Once the line holding "Black) ZM1014 3" is found in the entries below, transcribe exactly every line up to and including the one holding "Buy canvas prints", but leave out the pictures.

- Exercise material
◆ ◆ ◆
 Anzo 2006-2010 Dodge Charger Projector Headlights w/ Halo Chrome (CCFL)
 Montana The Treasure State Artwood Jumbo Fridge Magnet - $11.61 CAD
◆ ◆ ◆
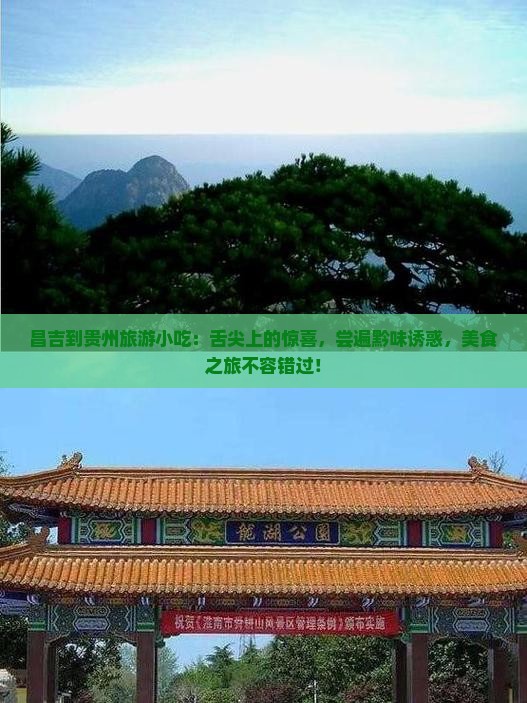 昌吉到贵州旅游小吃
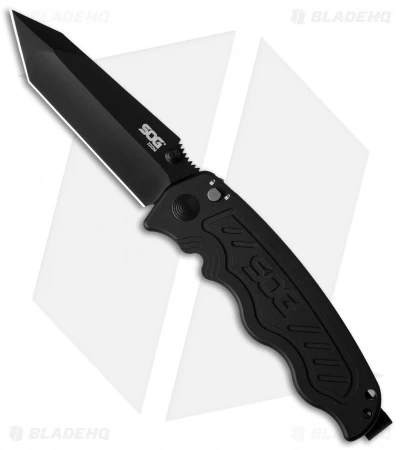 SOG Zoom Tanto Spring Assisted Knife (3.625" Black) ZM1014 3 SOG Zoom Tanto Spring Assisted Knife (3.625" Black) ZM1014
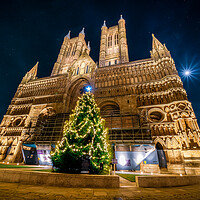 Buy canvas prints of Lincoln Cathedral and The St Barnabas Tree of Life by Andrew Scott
◆ ◆ ◆
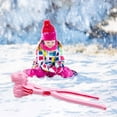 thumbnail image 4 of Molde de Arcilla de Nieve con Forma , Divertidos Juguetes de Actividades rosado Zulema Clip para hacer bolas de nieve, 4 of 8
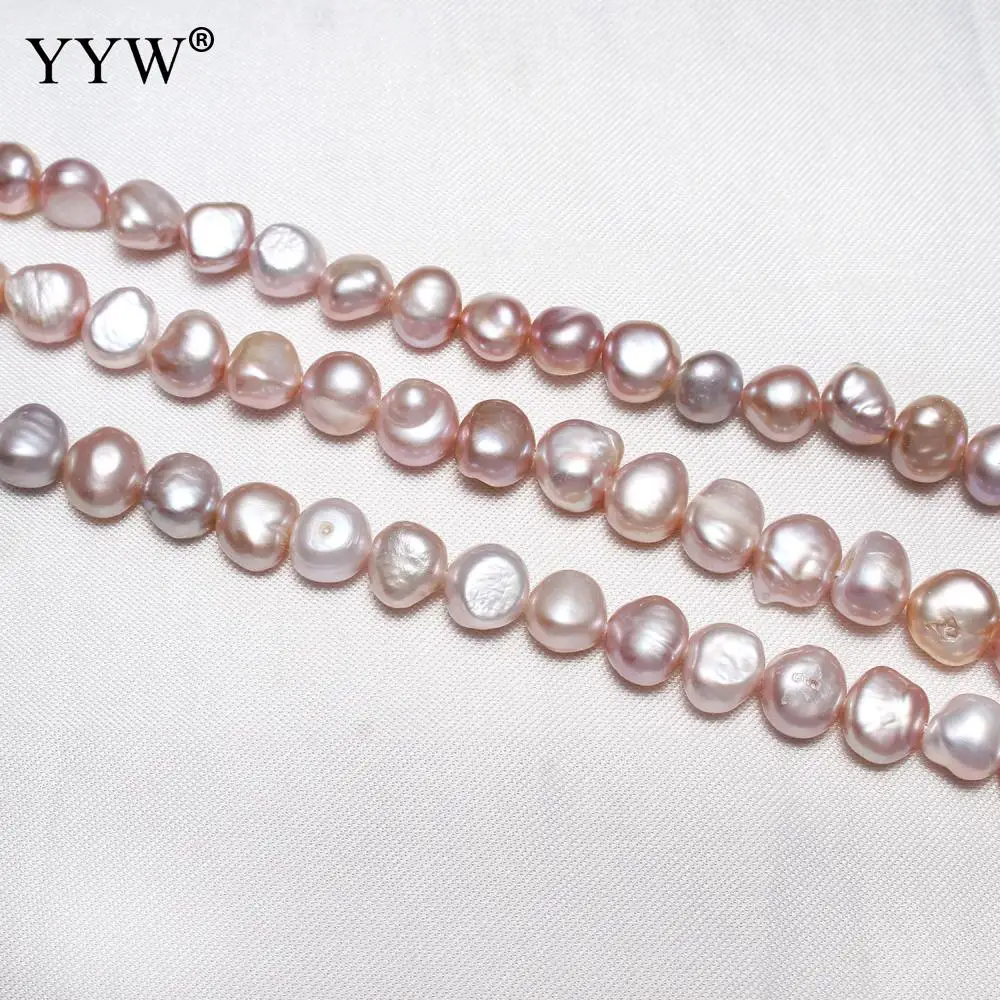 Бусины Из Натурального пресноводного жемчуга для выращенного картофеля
◆ ◆ ◆
- Expected answer
 SOG Zoom Tanto Spring Assisted Knife (3.625" Black) ZM1014 3 SOG Zoom Tanto Spring Assisted Knife (3.625" Black) ZM1014
 Buy canvas prints of Lincoln Cathedral and The St Barnabas Tree of Life by Andrew Scott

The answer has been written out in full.